Because many of these studies are observational, the results could be skewed by people under reporting their chocolate intake. The studies are also limited in that they can’t directly establish cause and effect. More study is needed to determine the exact amount and types of flavonoid-rich chocolate that would help lessen stroke risk.

2. May Improve Cognition, Prevent Memory Loss, and Boost Your Mood

Studies show consuming high concentrations of dark chocolate may benefit your brain. Joy DuBost, PhD, RD, a nutrition spokesperson and owner of Dubost Food & Nutrition Solutions, says research has shown chocolate stimulates neural activity in areas of the brain associated with pleasure and reward, which in turn decreases stress and improves your mood. Out of eight studies on chocolate and mood, five showed improvements in mood, and three showed “clear evidence of cognitive enhancement,” according to a systematic review published in the journal Nutrition Reviews. Further research presented at the 2018 Experimental Biology meeting found that eating 48 grams (g) of organic chocolate with 70 percent cacao increased neuroplasticity in the brain, which could have positive effects on memory, cognition, and mood.
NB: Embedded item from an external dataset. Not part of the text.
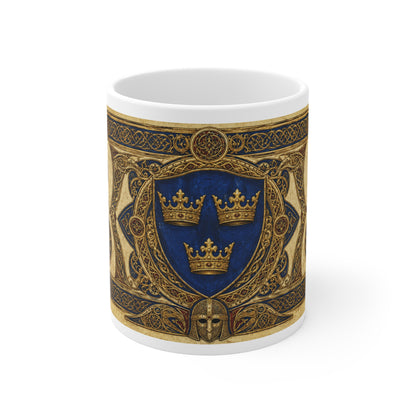 Kingdom of East Anglia Mug — Anglo-Saxon Heraldic History Gift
Improvements in brain health may be due to the high levels of flavonoids in dark chocolate, which research, like a study published in April 2018 in The FASEB Journal, has found to have accumulated in regions of the brain responsible for learning and memory.

While some research, including a study published in May 2017 in the journal Frontiers in Nutrition, has indicated there may be a link between dark chocolate and the brain, studies with larger sample sizes need to be conducted, and further research is needed to investigate the mechanisms involved. And before you run out and stock up on chocolate bars, keep in mind most studies experimented with much higher quantities of chocolate than the recommended daily dose (1.5 ounces maximum).

3. Dark Chocolate Could Improve Blood Sugar Levels, and Reduce the Risk of Developing Diabetes

Eating chocolate every day doesn’t sound like the best way to prevent diabetes, but studies have shown healthy amounts of dark chocolate rich in cacao could actually improve how the body metabolizes glucose. Insulin resistance causes high blood glucose (sugar) and is the hallmark of type 2 diabetes, per an article published in March 2019 by StatPearls.

In a study published in October 2017 the Journal of Community and Hospital Internal Medicine Perspectives, the flavonoids in dark chocolate were found to reduce oxidative stress, which scientists think is the primary cause of insulin resistance. By improving your body’s sensitivity to insulin, resistance is reduced, and in turn the risk of diseases like diabetes decreases.

Another study, this one published in January 2017 in the journal Appetite, showed that participants who rarely consumed chocolate had almost twice the risk of developing diabetes five years down the road, compared with participants who indulged in dark chocolate at least once per week.

While researchers agree dark chocolate possesses many health benefits, further study is needed to determine if there is a cause-and-effect relationship between chocolate consumption and diabetes risk.